Saved entries:
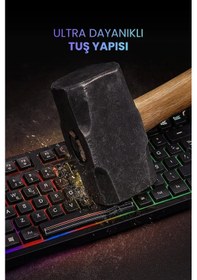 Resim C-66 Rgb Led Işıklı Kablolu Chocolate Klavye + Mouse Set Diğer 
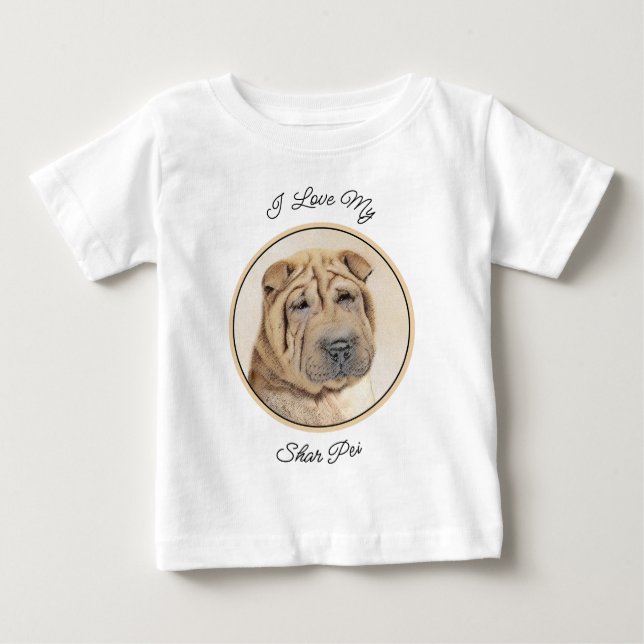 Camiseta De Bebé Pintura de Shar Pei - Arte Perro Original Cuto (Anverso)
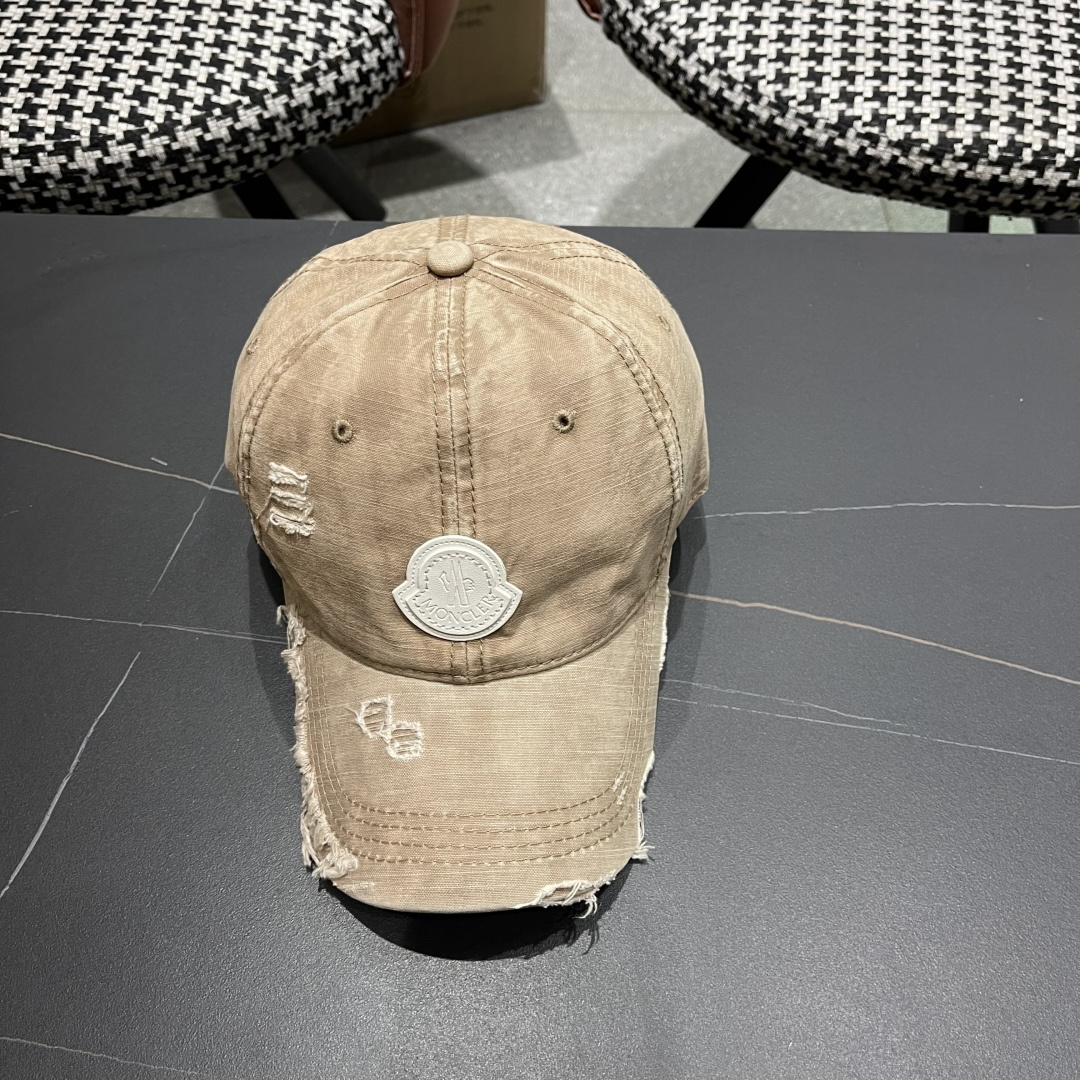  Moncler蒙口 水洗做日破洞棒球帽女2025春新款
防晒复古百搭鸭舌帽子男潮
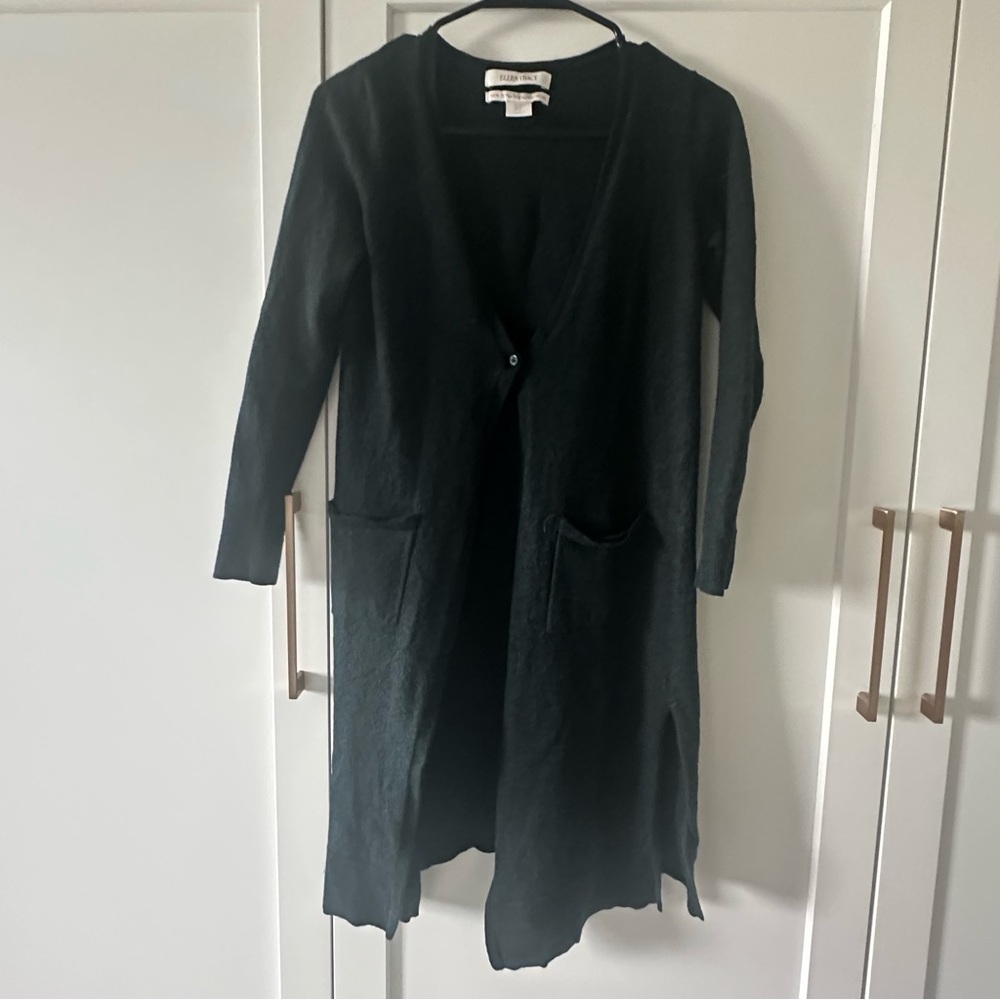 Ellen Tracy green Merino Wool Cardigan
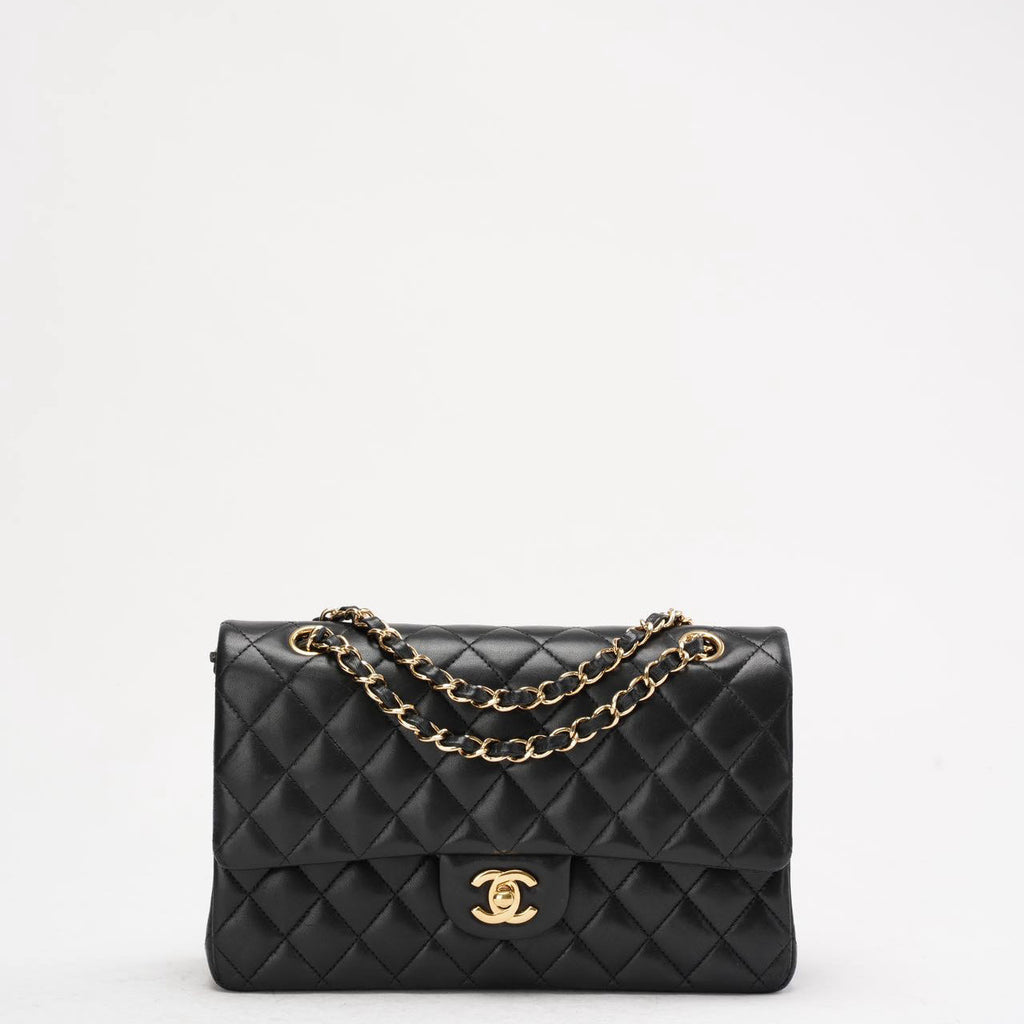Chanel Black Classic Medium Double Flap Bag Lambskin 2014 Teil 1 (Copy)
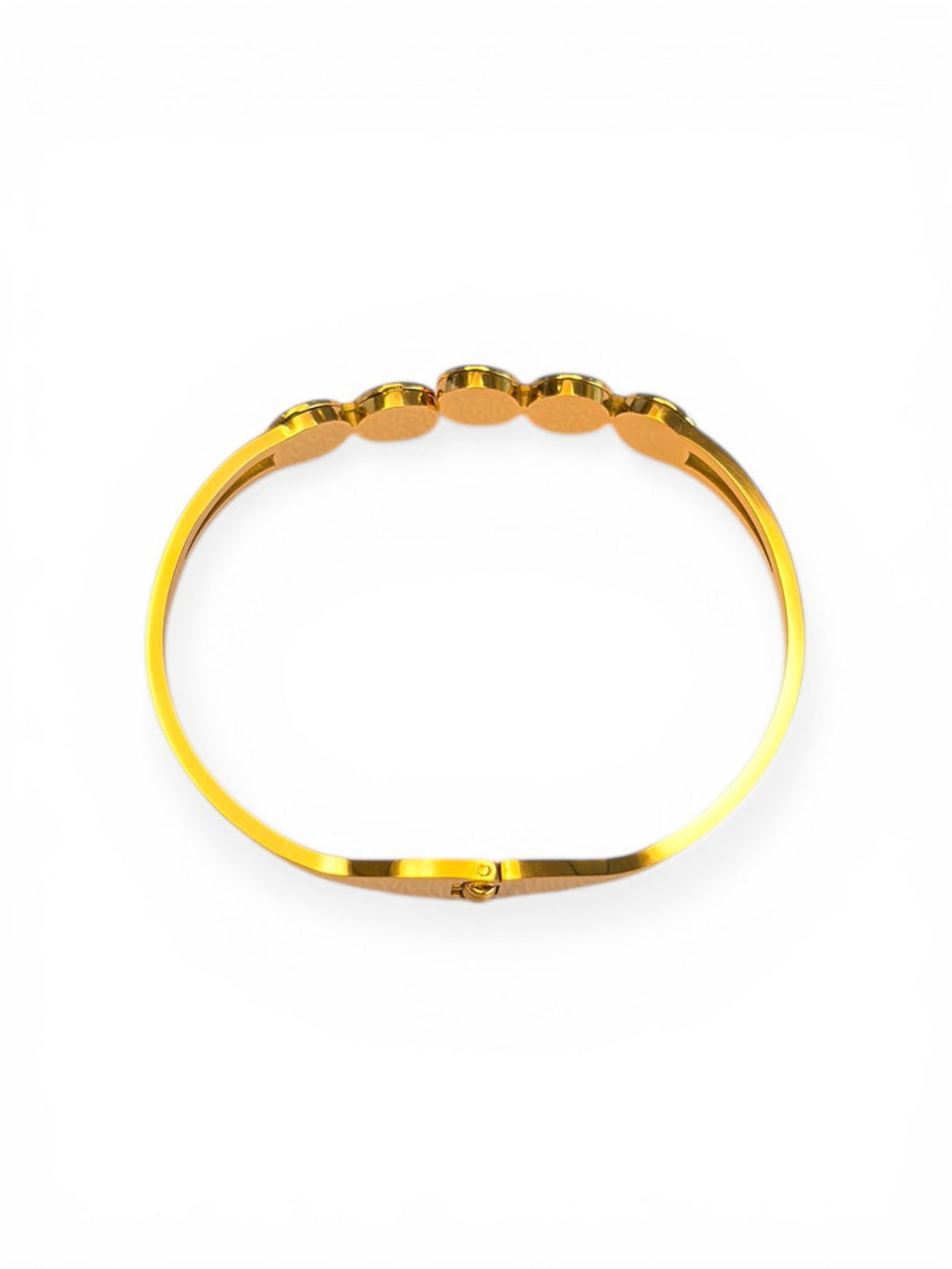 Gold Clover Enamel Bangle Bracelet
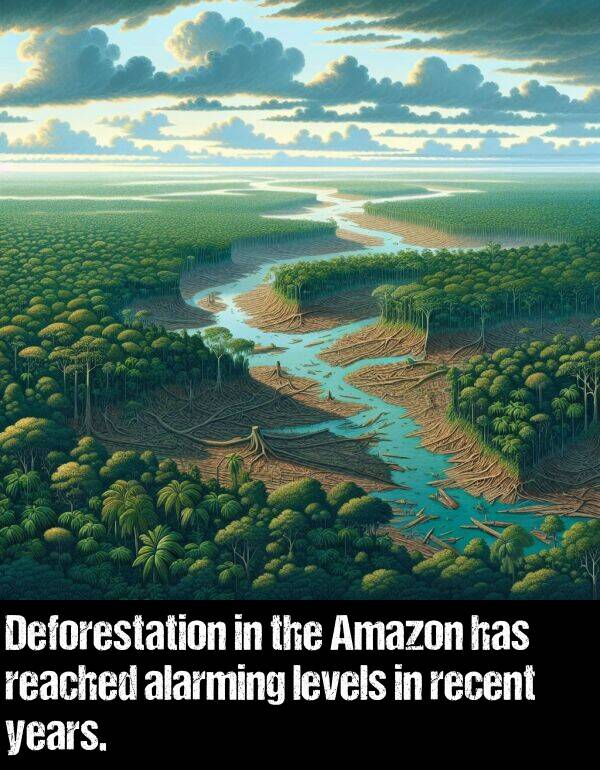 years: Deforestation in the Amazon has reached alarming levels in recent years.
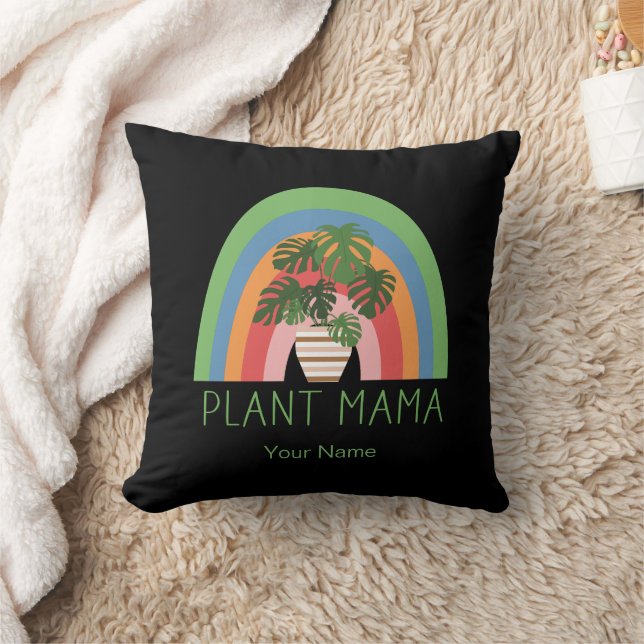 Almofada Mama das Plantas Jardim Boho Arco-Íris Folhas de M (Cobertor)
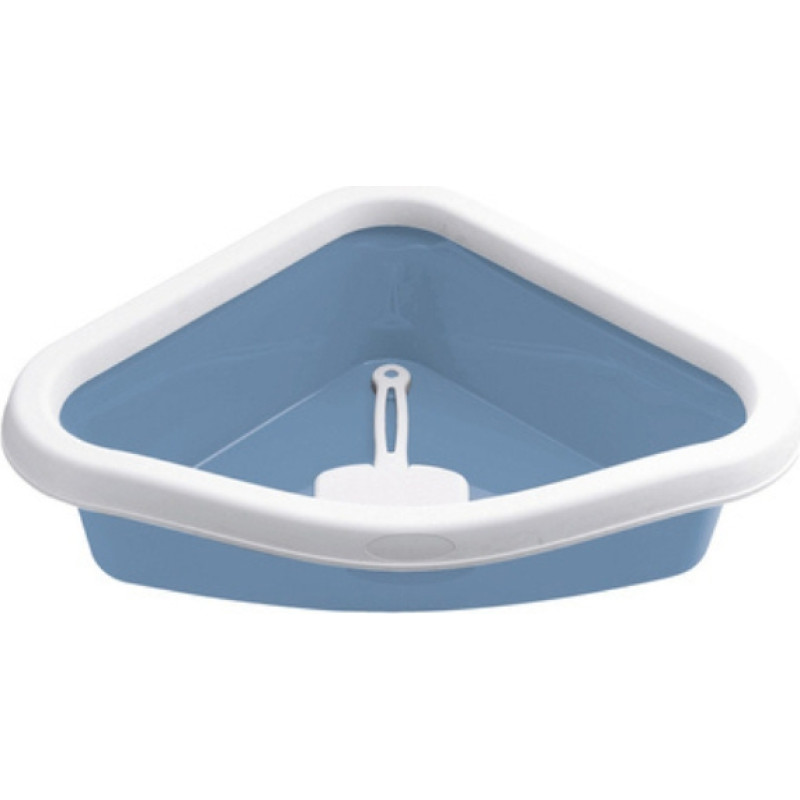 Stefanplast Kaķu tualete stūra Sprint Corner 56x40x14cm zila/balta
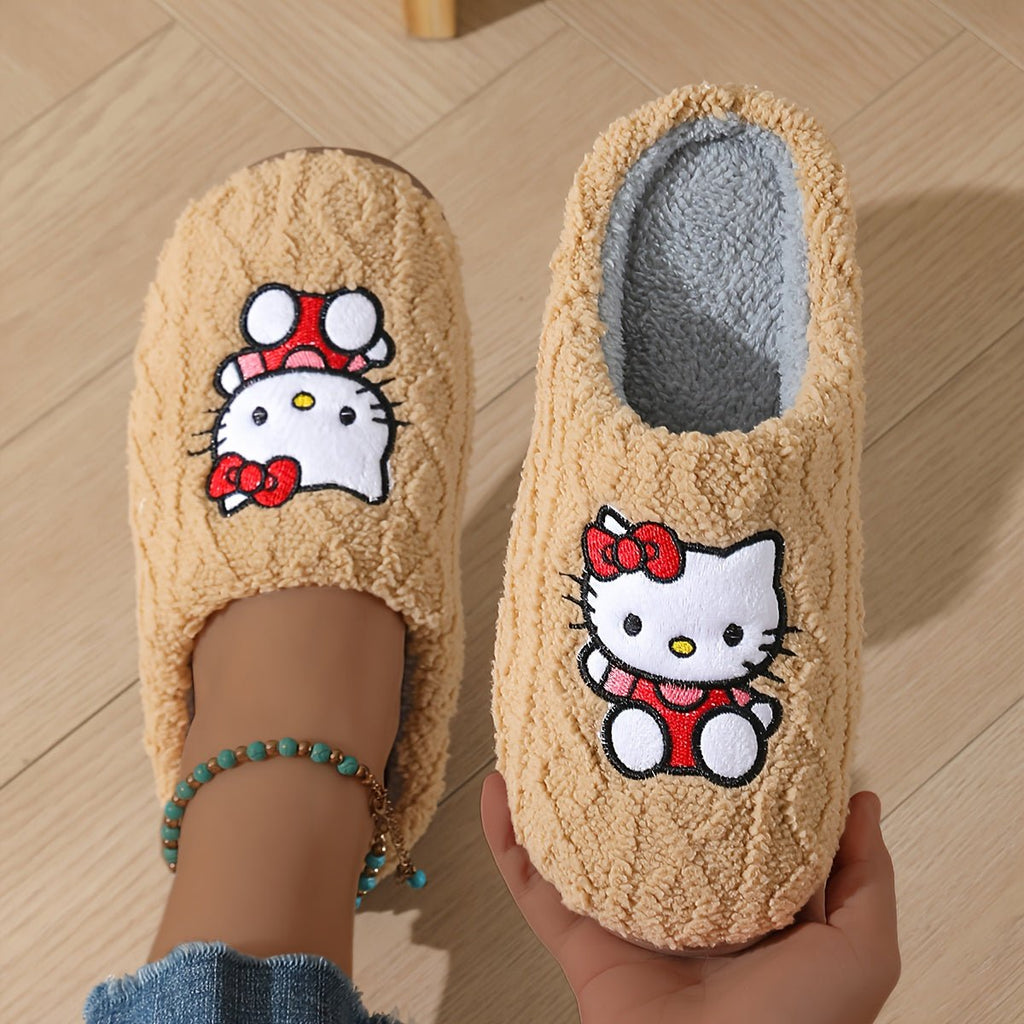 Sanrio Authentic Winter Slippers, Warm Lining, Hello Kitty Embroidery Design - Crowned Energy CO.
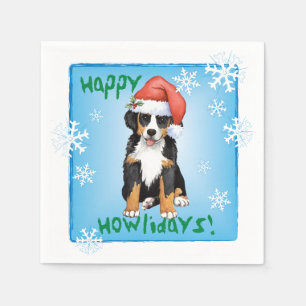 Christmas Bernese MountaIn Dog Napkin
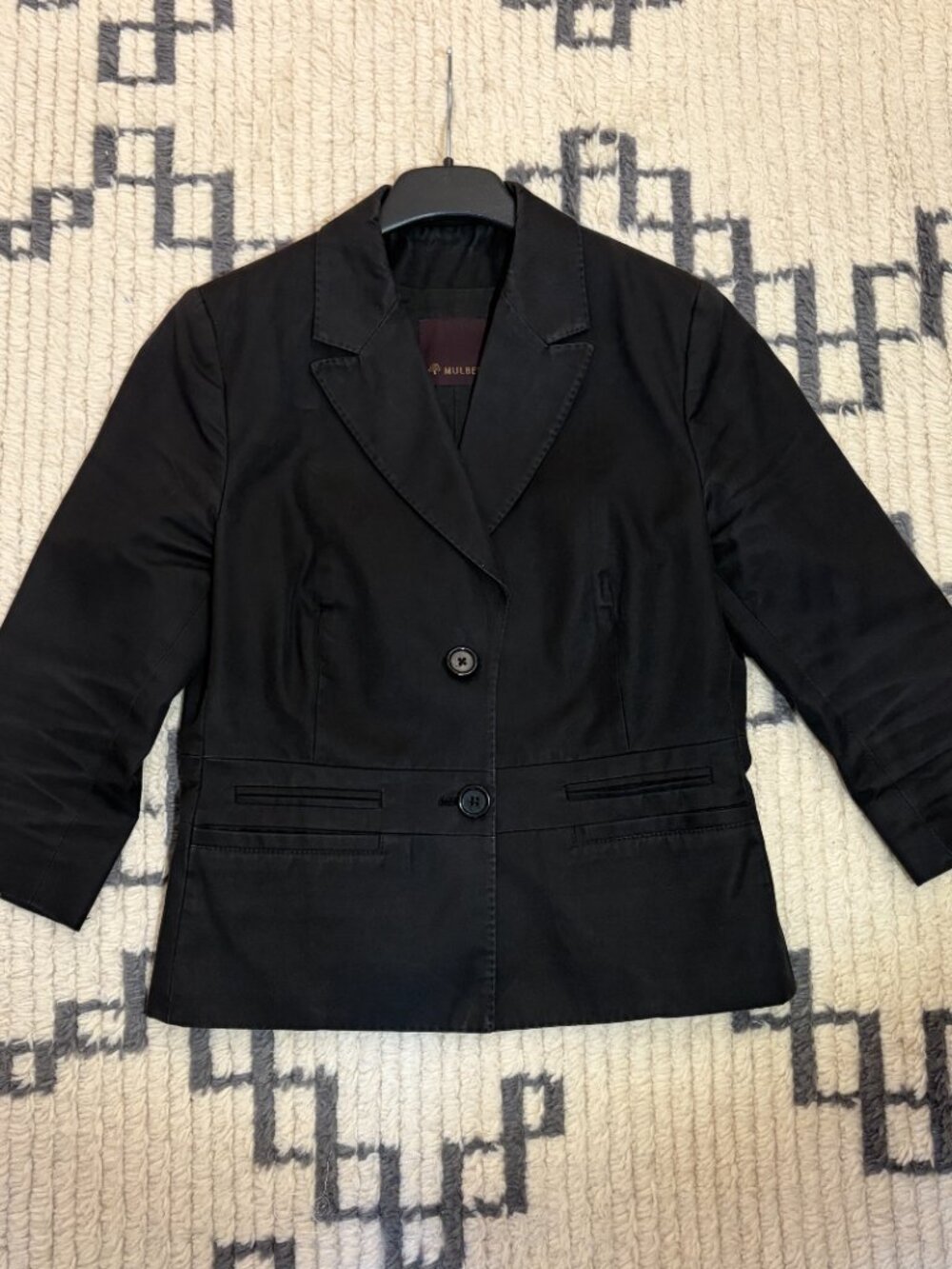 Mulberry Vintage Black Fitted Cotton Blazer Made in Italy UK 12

* YOUR OBJECTIVE: Give back exactly the lines running from the one that contains "Almofada Mama das" to the end of the records, including both of those lines and excluding every picture.

* RESULT:
 Almofada Mama das Plantas Jardim Boho Arco-Íris Folhas de M (Cobertor)
 Stefanplast Kaķu tualete stūra Sprint Corner 56x40x14cm zila/balta
 Sanrio Authentic Winter Slippers, Warm Lining, Hello Kitty Embroidery Design - Crowned Energy CO.
 Christmas Bernese MountaIn Dog Napkin
 Mulberry Vintage Black Fitted Cotton Blazer Made in Italy UK 12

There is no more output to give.